GOP comptroller race awaits absentee ballots But Sauerbrey's choice acknowledges primary loss

Primary 1998

September 17, 1998|By Jay Apperson and JoAnna Daemmrich | Jay Apperson and JoAnna Daemmrich,SUN STAFF

As two candidates in a photo finish for the GOP nomination for state comptroller awaited a final tally that may not arrive until next week, Republican gubernatorial nominee Ellen R. Sauerbrey's choice for the post acknowledged yesterday that he had lost the race.

Election officials were preparing yesterday to begin counting as many as 7,800 absentee ballots in order to name a winner in the race between Larry M. Epstein, the party's 1990 nominee for comptroller, and Timothy R. Mayberry, the 1994 Republican nominee.

Michael Steele, who had been endorsed by Sauerbrey, remained mathematically alive -- but, trailing by more than 4,500 votes, realistically had been eliminated.

"I can go back to a life," Steele, the first black to head the Prince George's County Republican party, said yesterday at the GOP unity breakfast in Annapolis. "I got my kids ready for school this morning, so life proceeds as usual. Now we're just going to work hard to get Ellen and [lieutenant governor candidate] Dick [Bennett] elected."

Steele was running third, with 21 percent of the vote. With all precincts reporting -- including two in Howard County that could not count ballots until yesterday because of computer problems -- Epstein held a 295-vote lead over Mayberry.

Most counties were to begin counting absentee votes this morning, said Linda H. Lamone, the state's elections chief. But she said 482 absentee ballots issued to Republicans in Prince George's County were not scheduled to be counted until Monday, leaving the possibility that the election might remain undecided until next week.

At yesterday's party unity breakfast, Sauerbrey, who had endorsed Steele to give her slate a presence from the suburbs of Washington, said she was disappointed that he hadn't won.

"But what it says is Republicans are independent and they make up their minds for themselves," she said later.

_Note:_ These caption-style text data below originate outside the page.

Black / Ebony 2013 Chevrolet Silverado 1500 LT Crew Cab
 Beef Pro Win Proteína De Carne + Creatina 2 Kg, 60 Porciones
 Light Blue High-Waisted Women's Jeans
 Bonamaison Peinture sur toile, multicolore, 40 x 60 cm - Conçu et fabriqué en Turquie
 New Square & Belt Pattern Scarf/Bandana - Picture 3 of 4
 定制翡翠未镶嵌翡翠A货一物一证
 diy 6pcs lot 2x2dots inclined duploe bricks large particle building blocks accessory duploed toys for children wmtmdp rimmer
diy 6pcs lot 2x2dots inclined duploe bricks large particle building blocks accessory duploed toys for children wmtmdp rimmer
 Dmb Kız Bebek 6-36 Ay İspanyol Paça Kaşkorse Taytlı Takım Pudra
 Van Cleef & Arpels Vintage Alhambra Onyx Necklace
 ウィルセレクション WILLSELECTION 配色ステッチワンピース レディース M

Steele said that prior campaigns probably gave Epstein and Mayberry advantages in name recognition. Also, Mayberry, a banker from Washington County, captured more than 60 percent of the vote in Western Maryland. Epstein, a partner in an Owings Mills accounting firm, won 58 percent of the vote in Baltimore County.

Some political observers said that Republicans, in failing to nominate Steele, have undone some shrewd political strategy laid by Sauerbrey.

"He was providing something very different for the ticket: a more moderate background, a strong speaker with inroads into some key constituencies, and [he is] from what is probably the most pivotal battleground in the 1998 election," political pollster Keith Haller said. "The Sauerbrey campaign must go back to the drawing board and devise a new strategy for running and selling their statewide ticket."

Christopher J. McCabe, a Republican state senator from Howard County who had endorsed Steele, said: "Michael Steele probably would have been the best candidate to reach out to those new type of swing voters, both geographically and racially. But I think Ellen wants Mike Steele to be a major player in her campaign. His name won't be on the ballot but that's not to say the vitality and diversity he brought cannot still be somehow utilized."

Sauerbrey vowed to support the eventual winner in a general election race against former Gov. William Donald Schaefer -- despite a backdrop of strained relationships with both Epstein and Steele.

Epstein, who was campaign treasurer for Sauerbrey's 1994 Republican rival, Helen Delich Bentley, said he and Sauerbrey had not spoken since the 1994 election until they met for lunch last winter.

Sauerbrey supporters have privately disparaged Epstein for backing the late comptroller Louis L. Goldstein and, they said, for participating in a group called Republicans for Glendening in 1994.

Epstein denies he was ever a member of that group, even though his name is listed on a membership list. "I have no idea who put that on there," he said yesterday.